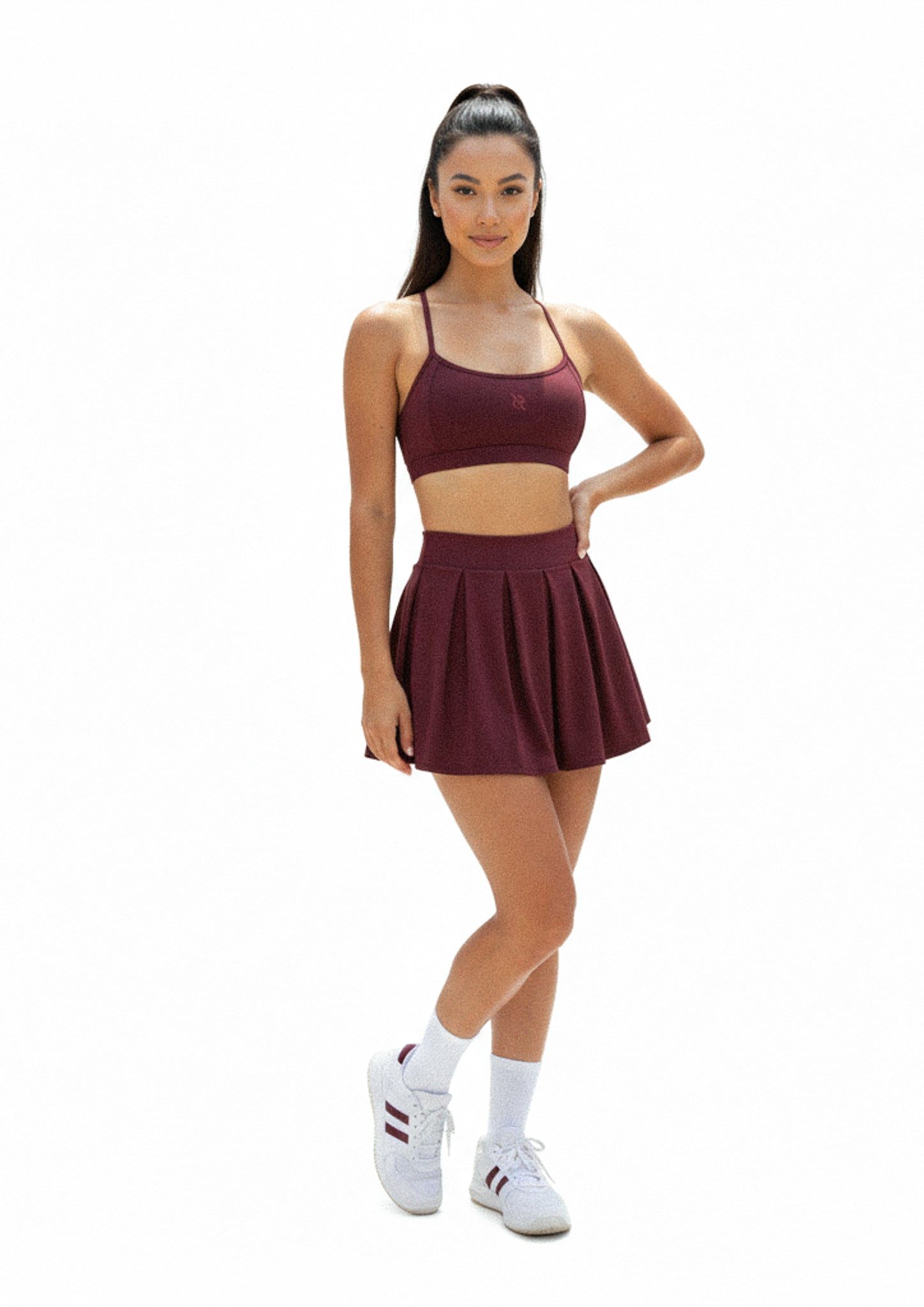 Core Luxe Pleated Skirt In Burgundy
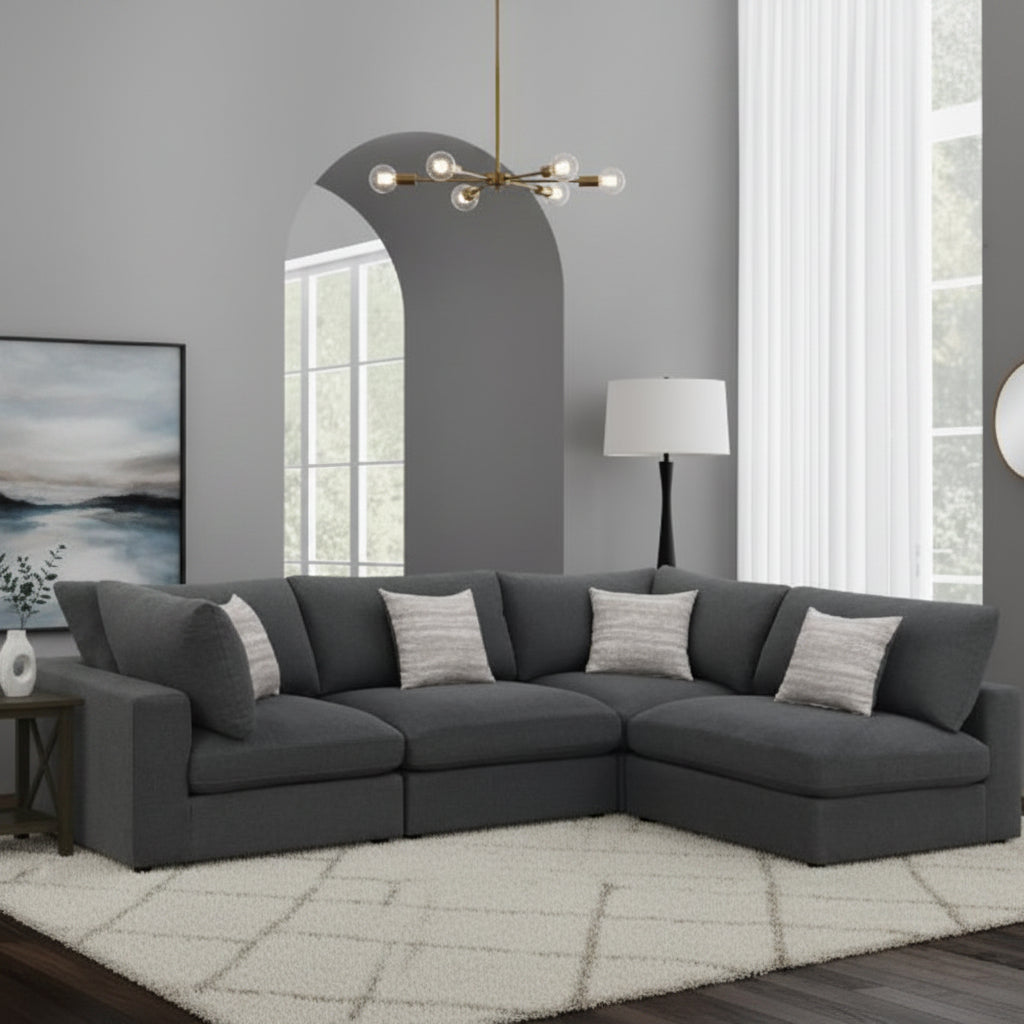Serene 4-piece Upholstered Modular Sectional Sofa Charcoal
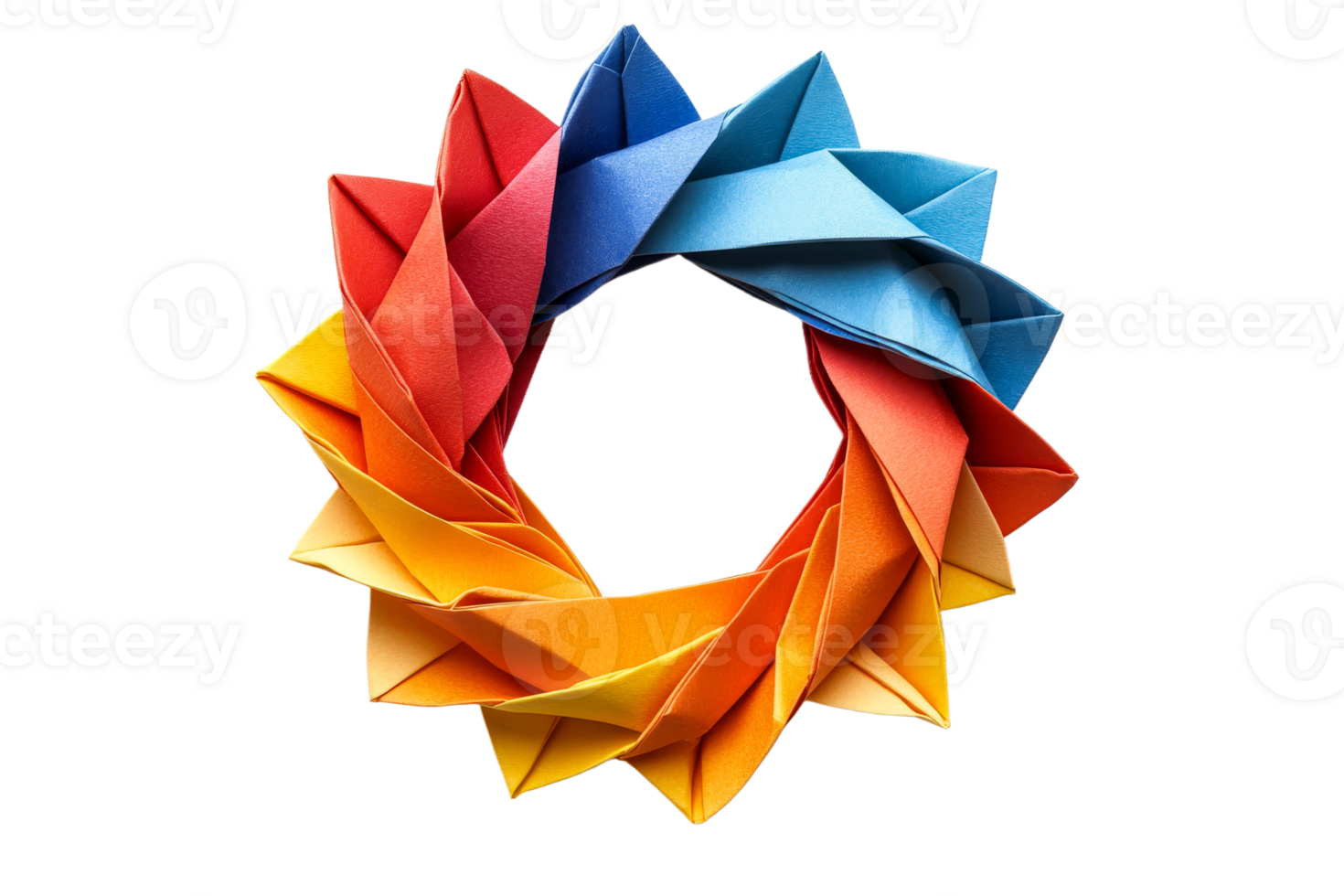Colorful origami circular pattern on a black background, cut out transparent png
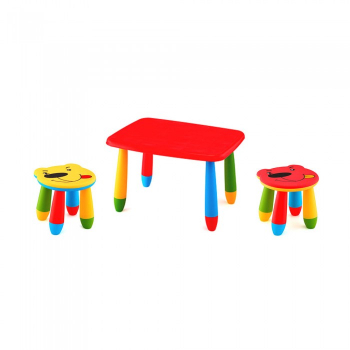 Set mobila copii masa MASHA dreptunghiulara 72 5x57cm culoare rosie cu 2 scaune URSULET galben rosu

Exercise aim: Copy out the material above in full and exactly, but with no pictures.

Written response:
 Core Luxe Pleated Skirt In Burgundy
Serene 4-piece Upholstered Modular Sectional Sofa Charcoal
Colorful origami circular pattern on a black background, cut out transparent png
 Set mobila copii masa MASHA dreptunghiulara 72 5x57cm culoare rosie cu 2 scaune URSULET galben rosu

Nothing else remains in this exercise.